Les conséquences du manque d’accès aux produits menstruels ne se limitent pas à la santé physique. Les impacts psychologiques et sociaux sont tout aussi préoccupants. Les absences répétées à l’école, liées aux menstruations, peuvent entraîner un décrochage scolaire. Ce qui réduit les perspectives d’avenir des filles et maintient le cycle de la pauvreté. « Les filles manquent souvent l’école pendant leurs règles, parce qu’elles n’ont pas le moyen de gérer leur menstruation de manière hygiénique et discrète. Cela affecte gravement leur éducation et leur avenir », explique Medou Mallé, enseignant à l’école fondamentale de Marela, dans le cercle de Bla. « L’éducation des filles est cruciale pour le développement économique et social. En négligeant leurs besoins menstruels, nous mettons en danger leur éducation et leurs potentiels. », ajoute-t-il.
Initiatives prometteuses
Malgré ces défis, des initiatives prometteuses émergent. Les innovations dans les produits menstruels offrent des solutions durables. Les serviettes lavables, par exemple, sont des alternatives économiques et écologiques. « Nous sommes spécialisés dans la confection et la distribution de serviettes hygiéniques lavables et réutilisables. N’terini est une solution innovante, économique, écologique et durable. Elle vient en alternative aux protections jetables qui, en plus d’être inaccessibles, ne sont pas eco-friendly », souligne Aminata Simpara, promotrice de N’terini.
Des ONG (UNFPA, ASDAP, UNICEF et UNESCO notamment) ou encore des organisations de la société civile, jouent également un grand rôle dans la lutte contre la précarité menstruelle. Ceci à travers des campagnes de sensibilisation, des causeries éducatives et des distributions de kits menstruels. « En dehors des activités commerciales, nous sensibilisons et offrons des serviettes gratuitement dans les zones défavorisées (les écoles, les camps des déplacés internes, les zones rurales et d’autres sites accueillant des femmes physiquement et mentalement vulnérables). C’est notre association, créée à cet effet, qui assure ce volet social. », poursuit Mme Simpara.

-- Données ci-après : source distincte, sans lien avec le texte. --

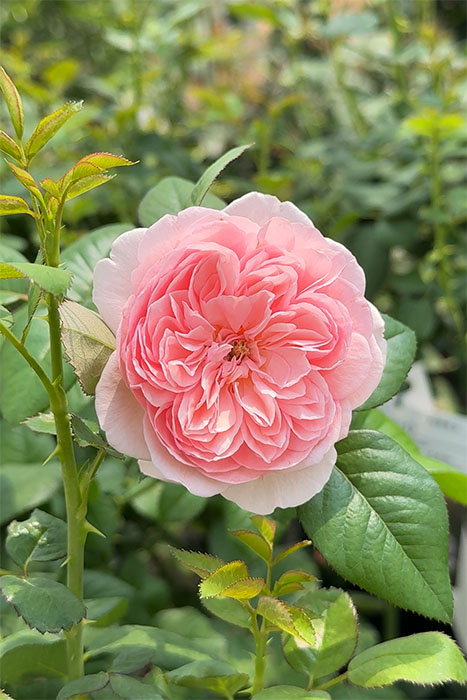 ���ߵ����ġۥХ��� ��������ϥ��� ���� 6��ȭ�����ʡ����ӿ建�� �ʼ���Ͽ�д���ϡ�J-IRM3�ա�1120�����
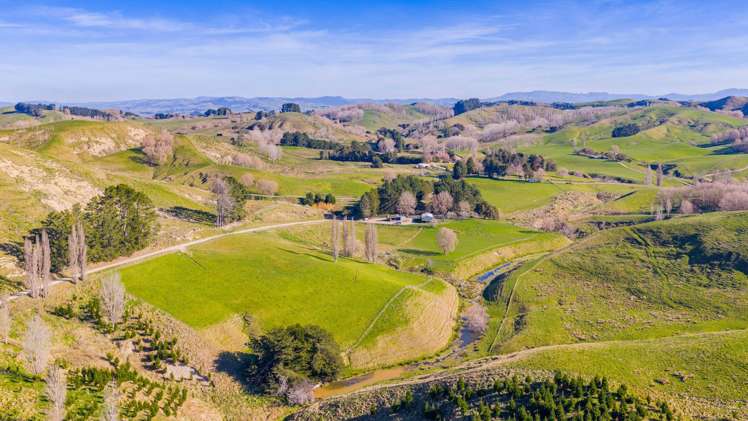 896 Te Awa Road Waipukurau_22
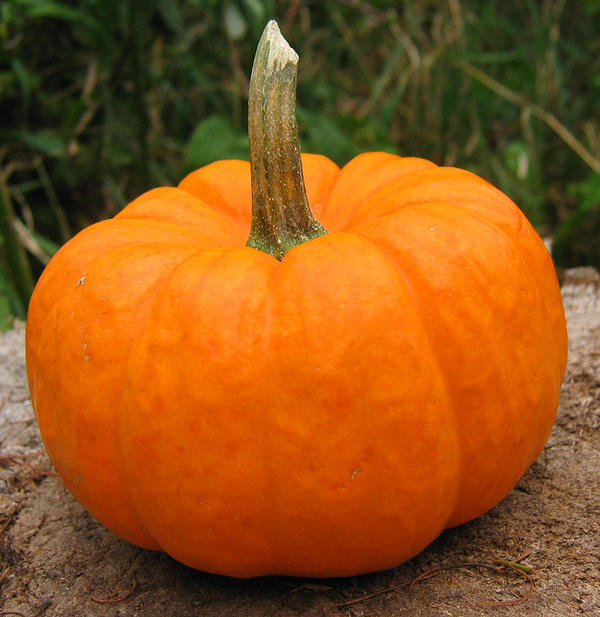 Pumpkin Squash 1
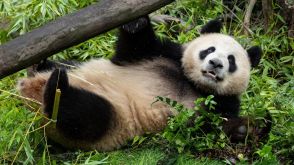 サンディエゴ動物園、新顔パンダ２頭の写真を初公開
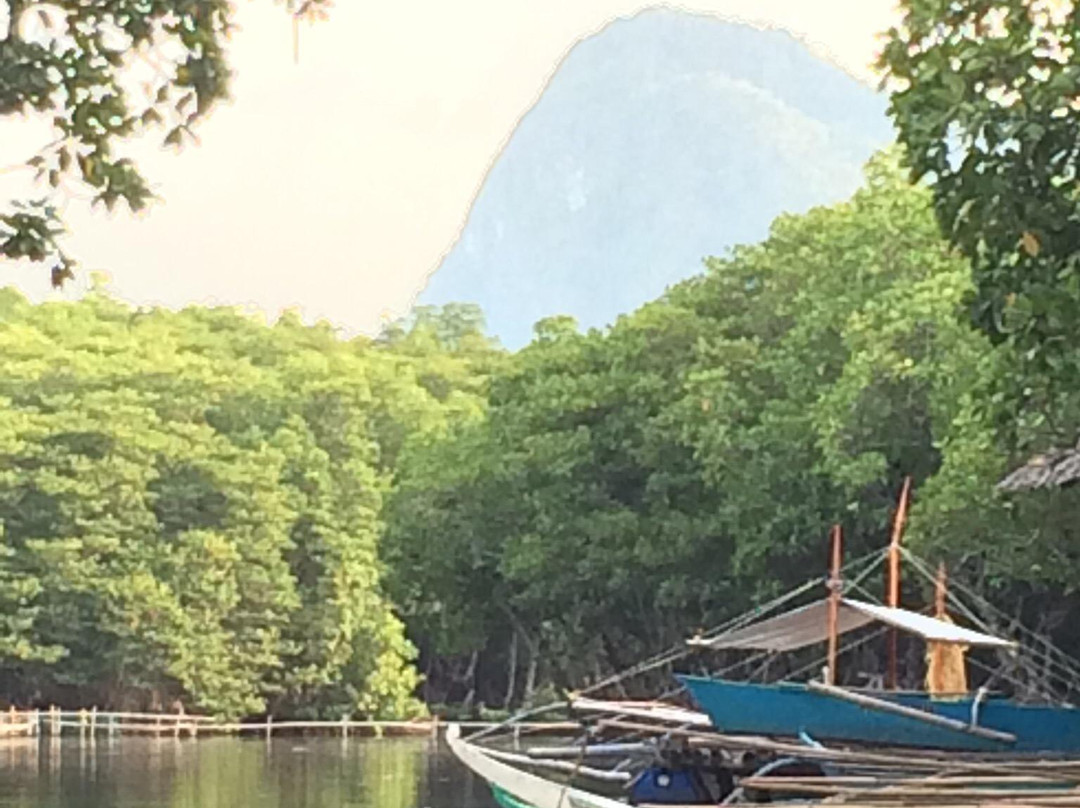 Mystic Mangrove Adventure-爱妮岛必去景点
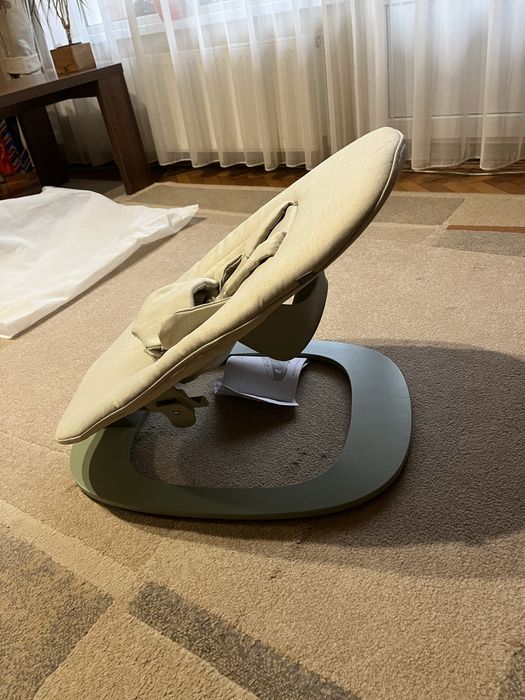 Leagan Adinish, firma  Ziza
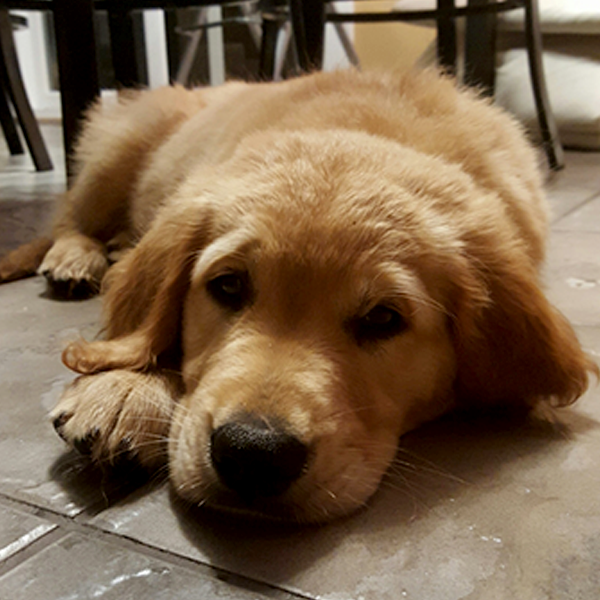 young golden retriever lying down looking into camera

La précarité menstruelle est une question de santé publique et de justice sociale. Il est crucial de continuer à sensibiliser, à éduquer et à soutenir les initiatives qui permettent de briser les tabous et de garantir que toutes les femmes et les filles puissent gérer leurs menstruations de manière sûre et digne. En s’engageant collectivement, nous pouvons faire une différence significative dans la vie de millions de femmes et de filles à travers le monde.